[Caption-style text data]
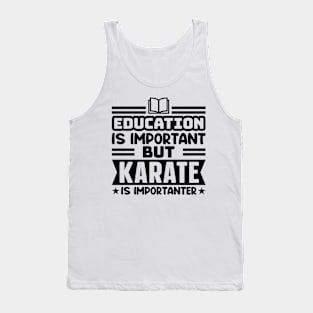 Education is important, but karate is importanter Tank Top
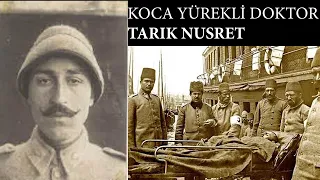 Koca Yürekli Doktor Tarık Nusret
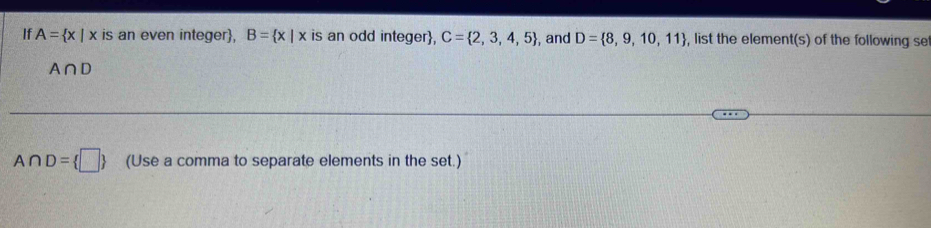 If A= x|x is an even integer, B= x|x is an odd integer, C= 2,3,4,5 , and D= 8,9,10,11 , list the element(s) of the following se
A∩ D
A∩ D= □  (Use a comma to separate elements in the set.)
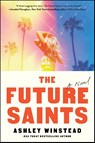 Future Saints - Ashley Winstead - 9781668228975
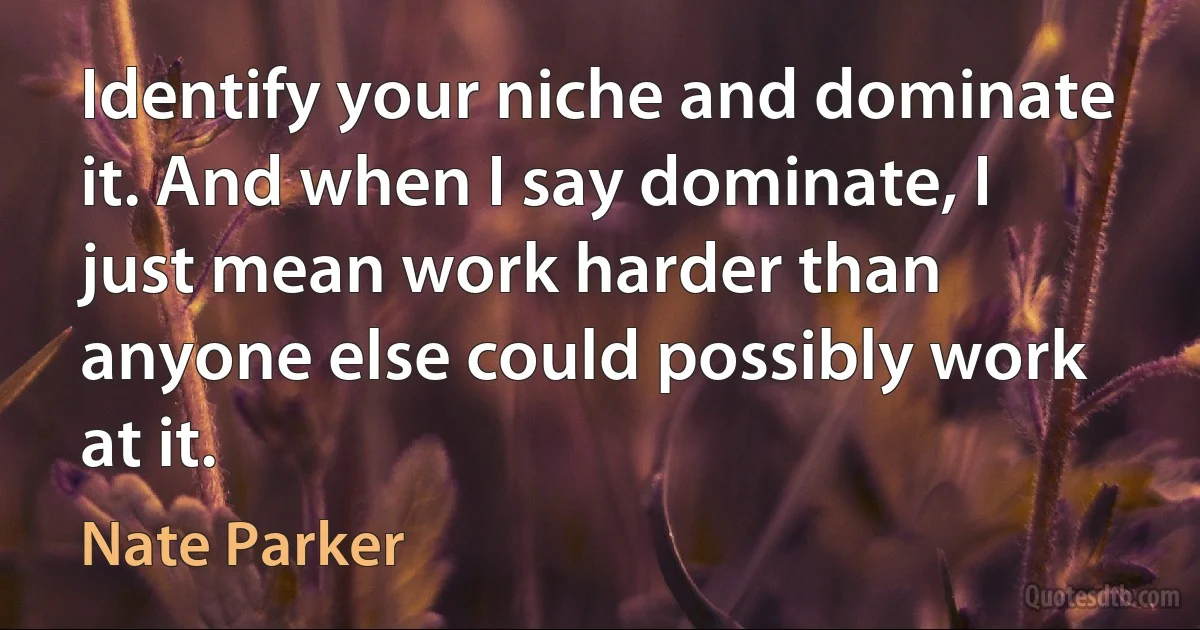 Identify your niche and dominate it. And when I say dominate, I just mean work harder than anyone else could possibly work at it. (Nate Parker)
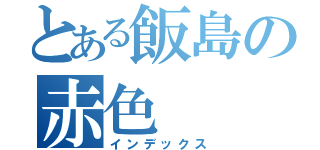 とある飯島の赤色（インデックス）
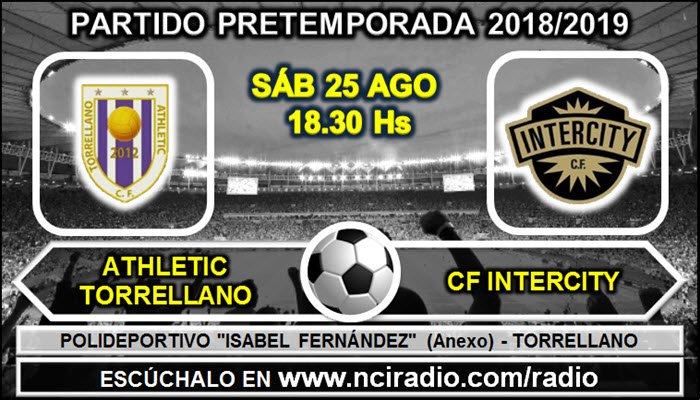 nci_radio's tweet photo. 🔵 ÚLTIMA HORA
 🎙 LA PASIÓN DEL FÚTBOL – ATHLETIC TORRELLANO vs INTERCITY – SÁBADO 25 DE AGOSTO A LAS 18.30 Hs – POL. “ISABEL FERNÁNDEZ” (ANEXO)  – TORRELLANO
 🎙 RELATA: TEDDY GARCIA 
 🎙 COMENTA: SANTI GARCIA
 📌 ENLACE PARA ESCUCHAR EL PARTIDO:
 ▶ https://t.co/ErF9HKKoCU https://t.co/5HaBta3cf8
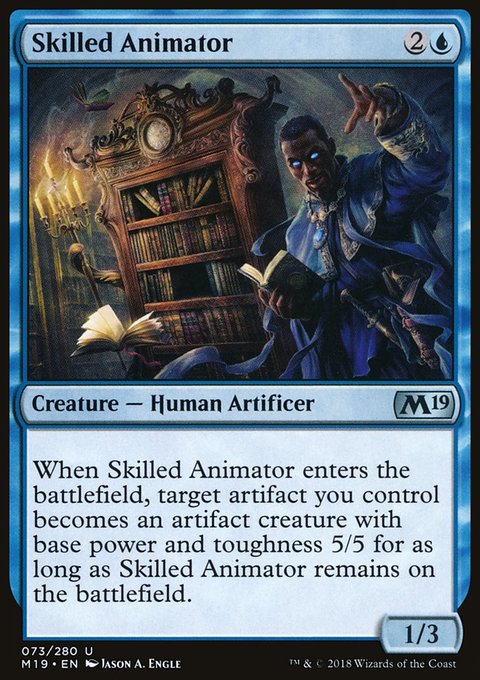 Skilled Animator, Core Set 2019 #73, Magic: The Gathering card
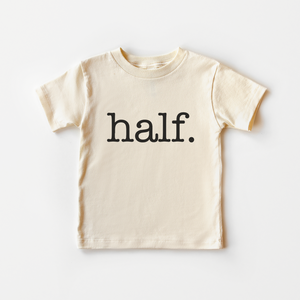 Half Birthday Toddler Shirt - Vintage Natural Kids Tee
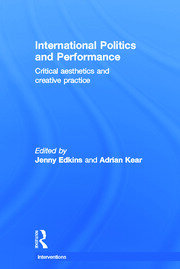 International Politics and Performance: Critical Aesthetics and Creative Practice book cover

## TASK STATEMENT
Report back each line of the entries that holds the string "GARCIA".

## TASK RESPONSE
 🎙 RELATA: TEDDY GARCIA 
 🎙 COMENTA: SANTI GARCIA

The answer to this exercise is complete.